United States District Court, E.D. Missouri, Eastern Division

March 28, 2017

UNITED STATES OF AMERICA, Plaintiff,
v.
FERNANDO RAMOS-LOPEZ Defendant.

          ORDER - WAIVER OF POTENTIAL CONFLICT OF INTEREST

          CATHERINE D. PERRY UNITED STATES DISTRICT JUDGE

         Currently before the Court is the government's Motion For Inquiry Into Potential For Conflict of Interest (hereinafter “Motion for Inquiry”). The potential conflict at issue involves two separately filed, but related, criminal cases, both pending before the Honorable Catherine D. Perry. See United States v. Fernando Ramos-Lopez, 4:16 CR 172 CDP, and United States v. Israel Angeles-Montezuma, S1-4:16 CR 426 CDP (JMB).[1] Pretrial proceedings in the Angeles-Montezuma matter have been referred to United States Magistrate Judge John Bodenhausen, pursuant 28 U.S.C. § 636(b). Substantially identical orders will be entered in both cases. Counsel of record for Ramos-Lopez is Mario DiSalvo, who is admitted pro hac vice. Counsel of record for Angels-Montezuma is Yan Shrayberman, who is also admitted pro hac vice.

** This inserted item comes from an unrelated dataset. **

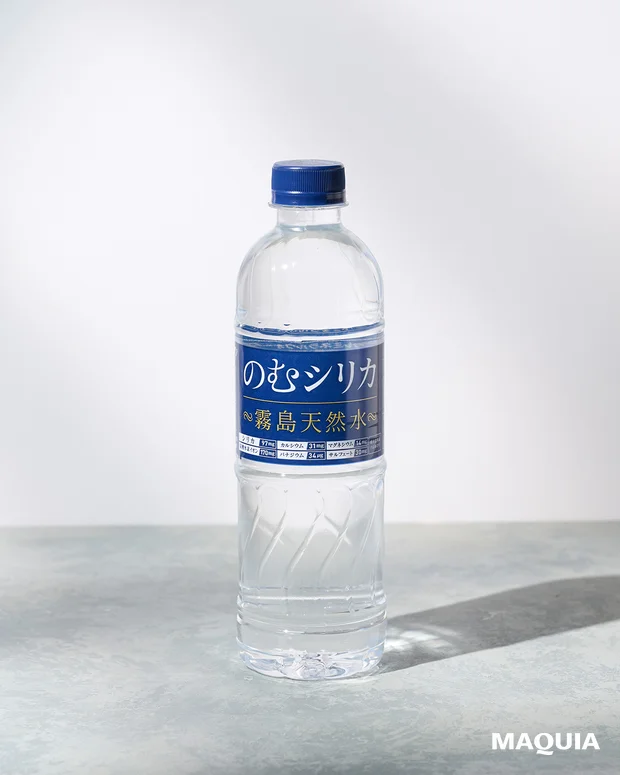 美容　水　ミネラルウォーター　飲むシリカ　シリカ水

         On March 6, 2017, on the basis of the information in the government's Motion for Inquiry, the Court held an attorney's only status conference with the participation of Messrs. DiSalvo and Shrayberman, Assistant United States Attorney (“AUSA”) Sirena Wissler, District Judge Perry, and Magistrate Judge Bodenhausen. During the status hearing, Ms. Wissler described the general circumstances leading up to her Motion for Inquiry, and Mr. DiSalvo confirmed that, although he had not entered his appearance on behalf of Angeles-Montezuma, he was assisting in Angeles-Montezuma's representation with Mr. Shrayberman. As a result of the March 6th status conference, the Court scheduled separate conflict hearings for Defendants Ramos-Lopez and Angeles-Montezuma.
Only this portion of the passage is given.